For utility-scale PV projects in Europe, the key to growth and success in the coming years may be in partnerships and consistency across both engineering, procurement and construction (EPC) and environmental, social and governance (ESG) frameworks, as legislators and utilities lag behind the industry’s rapid growth.

Speakers at the Solar Finance & Investment Europe 2023 conference, hosted by PV Tech publisher Solar Media in London this week, discussed the future of sustainable partnerships across the PV value chain in the opening panel on the second day of the event.

“The market is going faster than the politicians. Pinch points are coming from grid capacity connection, old legislation, and due to the unexpected market appetite there’s been a lack of components,” said Tim Day, investment fund manager and UK country manager at manufacturer Trina Solar.

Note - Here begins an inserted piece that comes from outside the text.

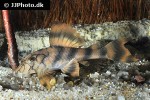 peckoltia braueri peckoltia braueri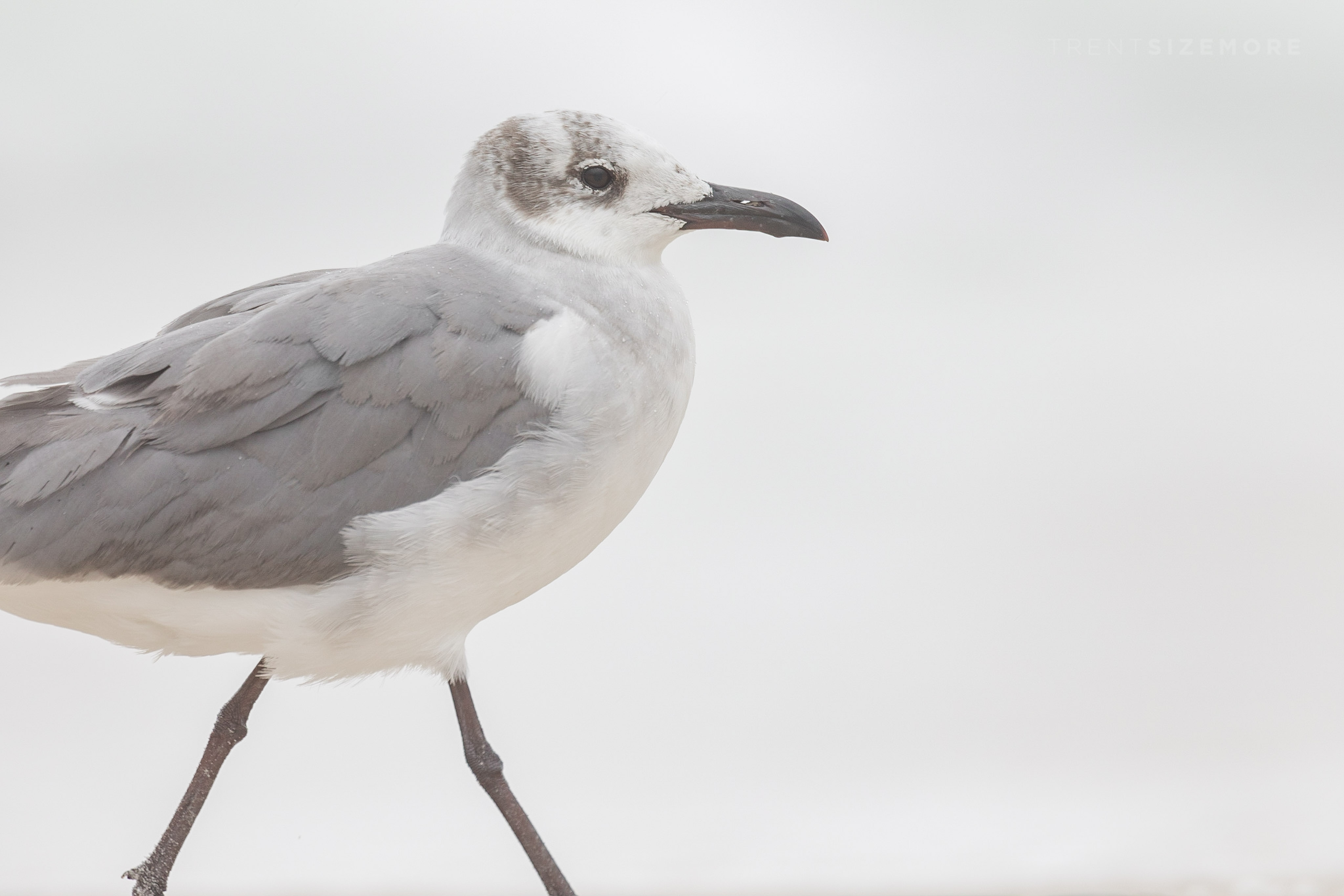 5 Simple Tips to Improve Your Bird Photography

In light of this, then, the onus is on the industry to secure its future and continue to develop significant, large-scale projects as consistently as possible.

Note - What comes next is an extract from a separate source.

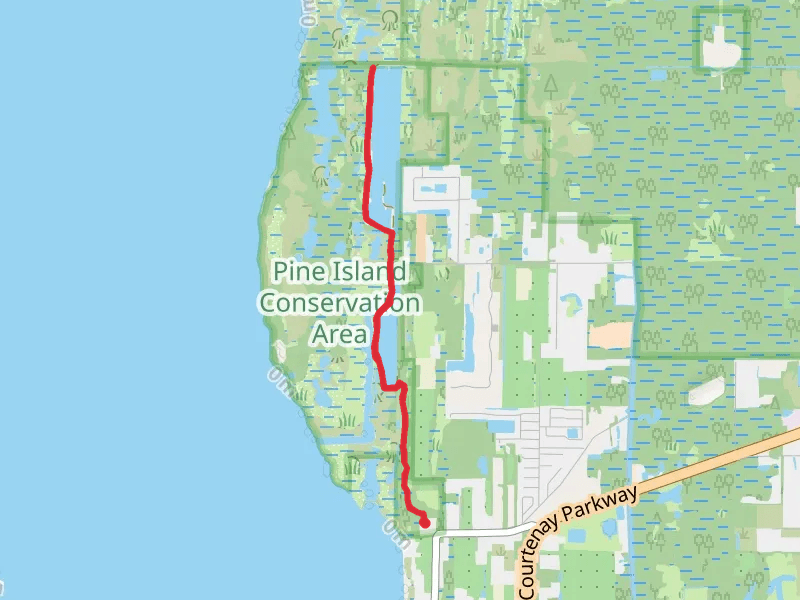 Garnet Reail - Pine Island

Justin Thesiger, director of operations and asset management at Low Carbon – which has a stated target pipeline of 20GW of solar PV by 2030 – said: “We made the decision to try and standardise as much as possible. Obviously each site has its own peculiarities, but if you standardise as much as possible then your EPC actually contractor has less to do.

“In order to secure the arms and legs, the equipment, the cabling, everything else that is needed, we made the decision to do long-term strategic partnerships with key providers.”

The stability of a long-term supply partnership can make the deployment and development of projects faster and simpler, and also serves to create more stable and secure supply chains. Developers with pipelines of multiple projects can benefit from this stability and relationship-building, Thesiger said, rather than operating on a project-by-project basis as the industry did in its more juvenile days.

Relationships like these are already making headlines, such as the one between US developer Silicon Ranch and module manufacturer First Solar, which have a standing 4.7GW supply deal in place over multiple years.  

The theme was extended to ESG concerns as well. “Especially as we start to see more pressure for reporting requirements in ESG, that close, intimate relationship is required to really extract the value, the clarity, the transparency of the underlying supply components and your underlying value chain,” said Ross Grier, UK managing director for NextEnergy Capital.

PV Tech Premium published a feature in December discussing the central role that ESG now plays for investors in solar projects, and the topic was frequently under discussion at the Solar Finance and Investment Europe conference.

“Everybody understands that, especially in things like the solar supply chain, that improving the ESG components is a journey,” Grier said, “to take the entire industry on a journey to drive pressure on manufacturers in the supply chain, to improve their own processes and systems, and collectively we solve the problem.”